MUKILTEO, Wash. — Just one day in service, and ferry crews say the newly christened Tokitae went through mechanical and engineering glitches, along with an apparent design flaw — the loading ramp on the vessel can cause some cars to bottom out.
Pretty, shiny, brand new … but with a catch.
“I wouldn’t want to get on it,” said Erin Forde, who rides a ferry four times a week. “Are they going to pay for it if it does something to your car?”
“That’s what ticks me off a lot about those little issues,” said Traynor Hunt, another ferry rider. “Why wasn’t that caught or corrected way back when?”
State Rep. Norma Smith, R-Clinton, is asking the same question. She was told about the ramp problems in February when the boat was still under construction.

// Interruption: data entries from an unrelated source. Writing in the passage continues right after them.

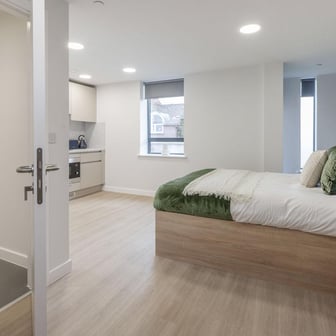 Premium Plus Studio (Accessible) - Image 2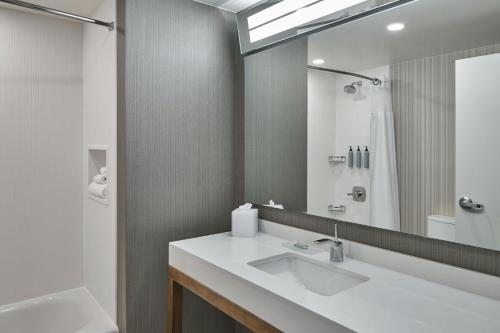 King Room with River View and Sofa Bed del hotel Courtyard By Marriott Albany Troy/waterfront. Foto 5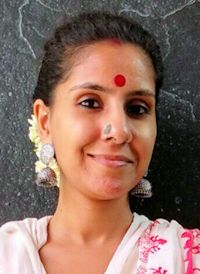 Bengali woman with rose-coloured forehead dot - taken from: https://desidrapes.files.wordpress.com/2017/10/fotor_150653561534621513210597.jpg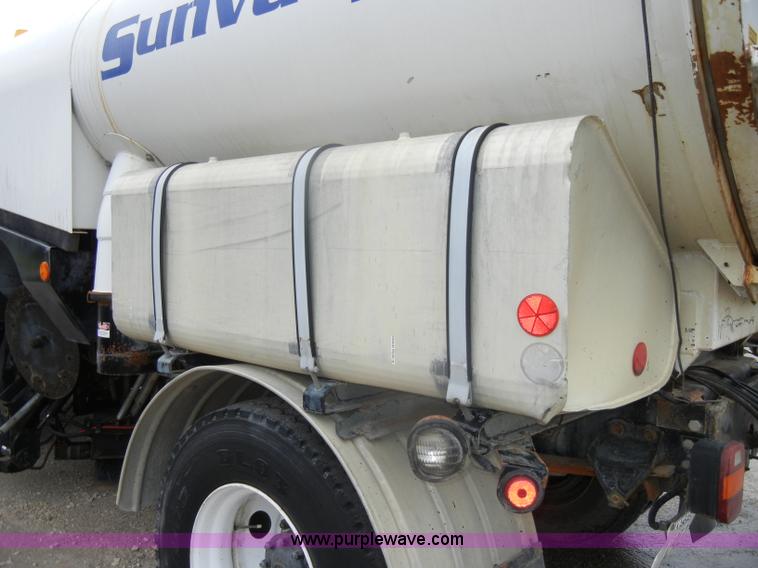 image for item D4132 1995 Ford CF7000 Sun-Vactor III sweeper truck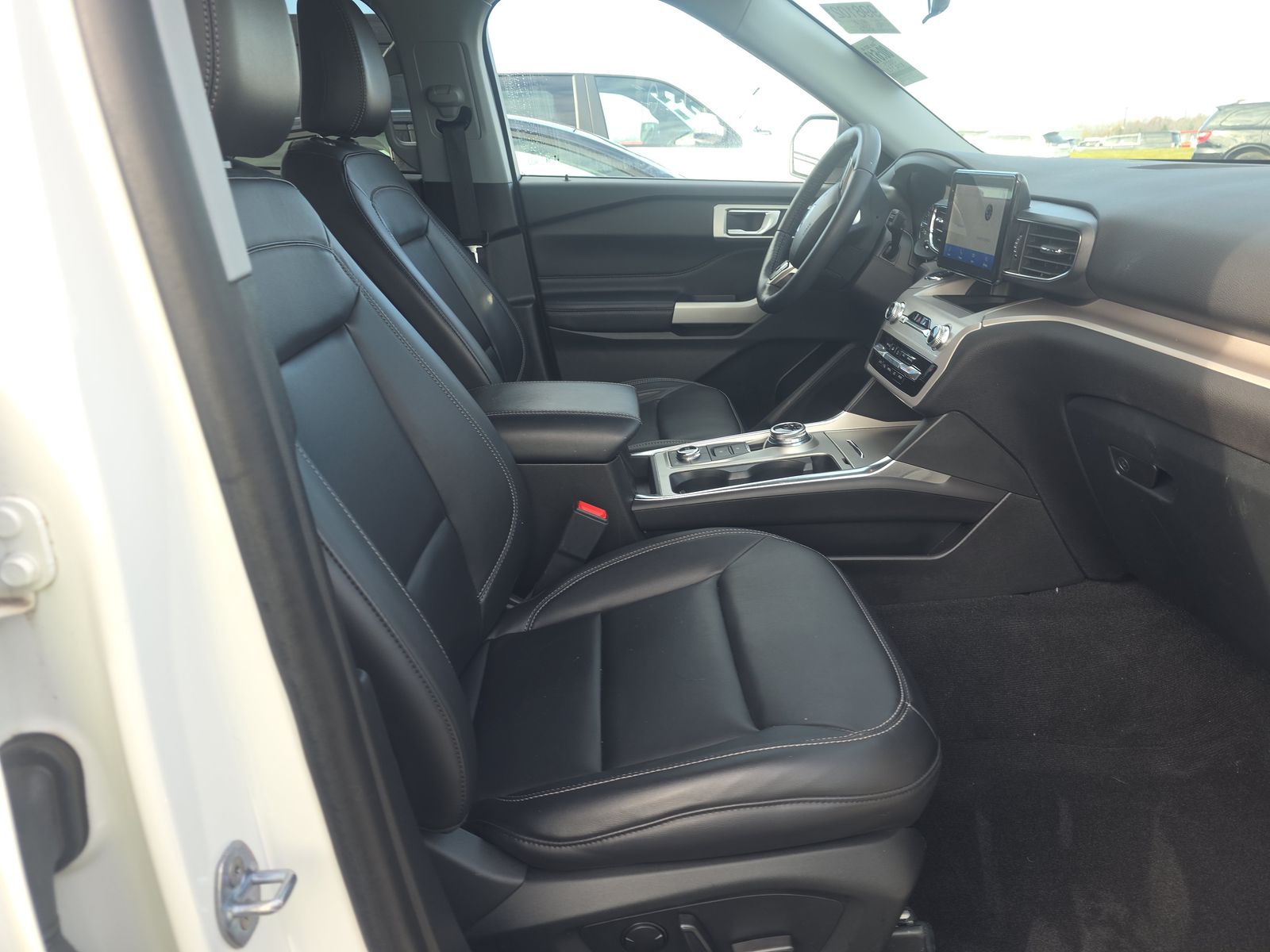 2023 Ford Explorer XLT AWD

She said the ferry system’s upper management told her it was a non-issue.
“I do believe we were misled,” said Smith. “We went back and told our colleagues that there was not an issue based on what we were told.”
Now, Smith and state Rep. Larry Seaquist, D-Gig Harbor, are demanding a major overhaul in the ferry system’s upper management and they are trying to get the governor involved to restore the public trust.
Interim State Ferries Director George Capacci, is playing down the problems on the Tokitae, calling them typical ripples for any maiden voyage.
“It is part of bringing a new ship on line, it gets a lot of attention,” said Capacci. “There are little things that happen all the time with a new vessel, and construction, and it hasn’t even been a day yet.”
Cappaci is asking the contracotor, Vigor Industrial, to change the loading ramps on the next two new ferries under construction.
For now, crews on the Tokitae, have to judge a car by size and weight to determine whether to send it up the ramp — or whether it might bottom out at the top.